Marissa raised a brow and lowered her voice as Lucy served a customer at the other end of the bar. ‘Well, darling, let’s put it this way, we just don’t have as much in common as you might think.’ She winked at Alex, and Alex got the distinct feeling that Marissa was expecting her to ask her what she meant, so she could reveal some secret, but she would be disappointed.
Alex did not gossip, she did not pry, she did not bother to get involved with other people’s lives unless it really was unavoidable, or they were a permanent fixture already. Alex made her five friends when she was five years old, and she saw no particular reason to expand on that social group, even though she’d just left them all in Scotland and one of them was the man that had spurned her.

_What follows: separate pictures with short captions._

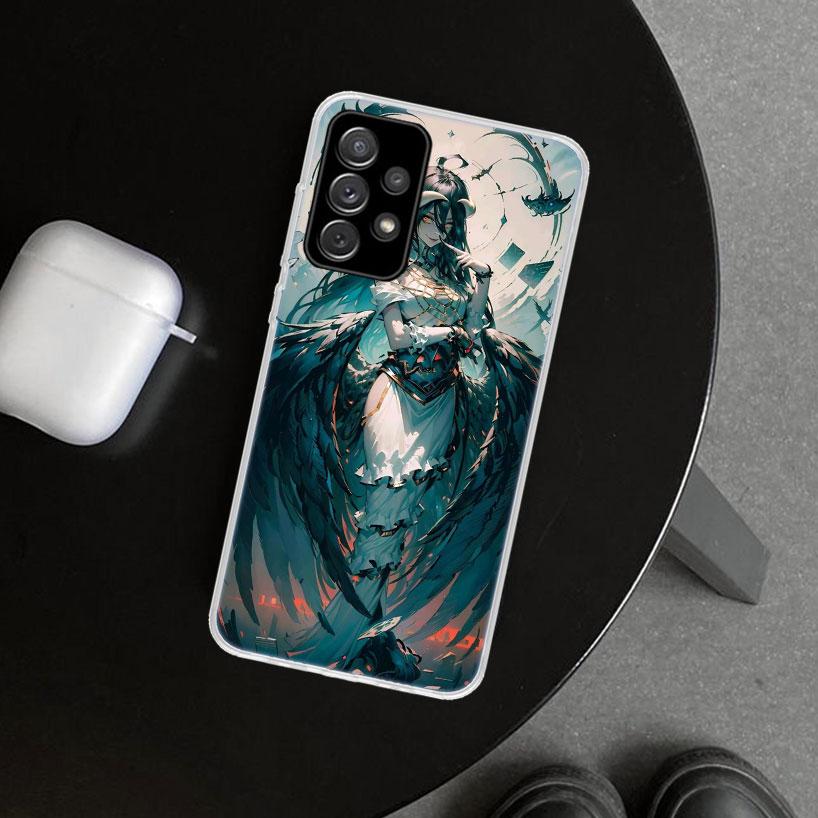 Чехол для телефона Albedo Overlord Anime для Samsung Galaxy A12 A22 A32 A52 A72 A02S A51 A50S A31 A20S A10S Note 20 Ultra 10 Plus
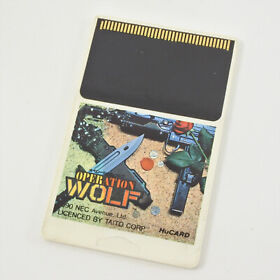 PC Engine Hu OPERATION WOLF Card Only 0952 pe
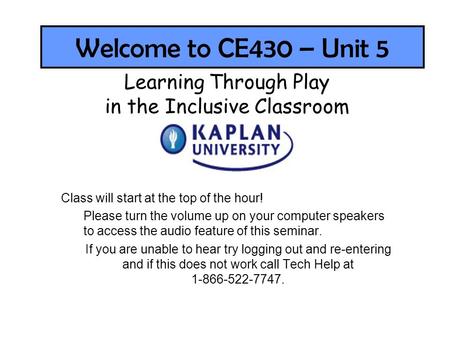 in the Inclusive Classroom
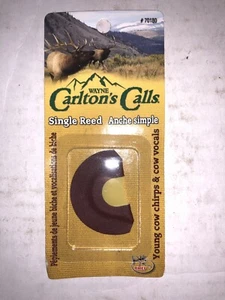 Wayne Carlton's Calls: Single Reed Anche Simple # 70180 BRAND NEW - Picture 1 of 2
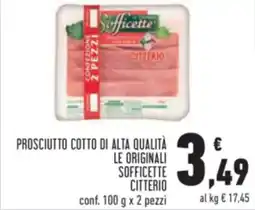 Conad Prosciutto cotto di alta qualità le originali sofficette CITTERIO offerta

‘I’m living up at the Castle with Sue at the moment, got my own turret, it’s hysterical,’ Marissa assured her. ‘So tacky.’

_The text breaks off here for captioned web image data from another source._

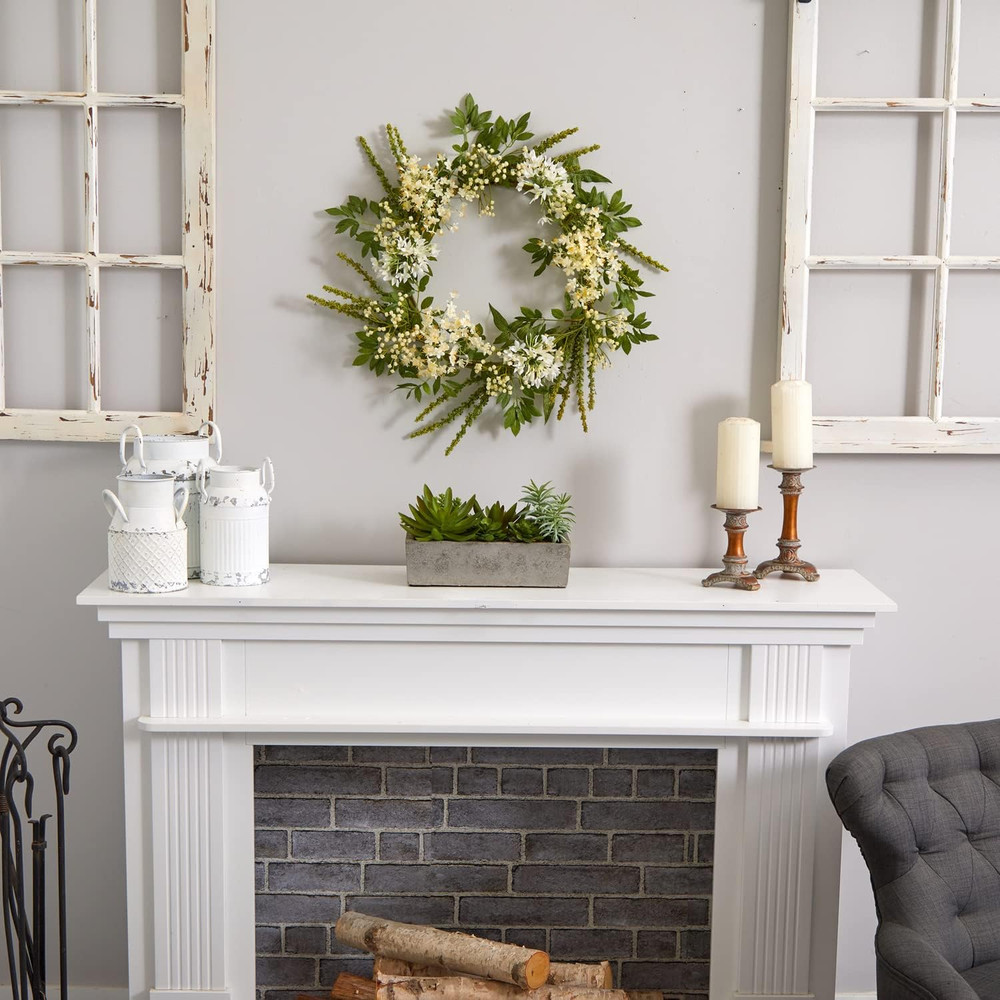 Succulent Garden with Concrete Planter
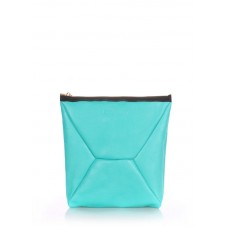 Косметичка-клатч POOLPARTY THE X бирюзовая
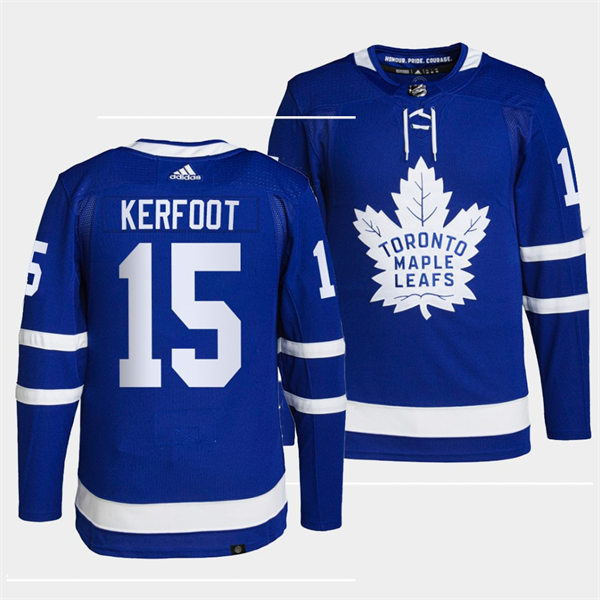 Men's Toronto Maple Leafs #15 Alexander Kerfoot adidas Home Blue Player Jersey Stitched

Alex didn’t really know how to keep the conversation going and so she just kept eating the apple pie that had miraculously appeared after the fish and chips until Marissa got bored with attempting to engage her. She wished she was better at fitting in, at being friendly and open or even simply smiling but it was a skill that she had not learnt from her father, and one she hadn’t needed so much back at home.
‘Right-oh then.’ Marissa grinned brightly, as she finally ran out of steam. ‘Bye!’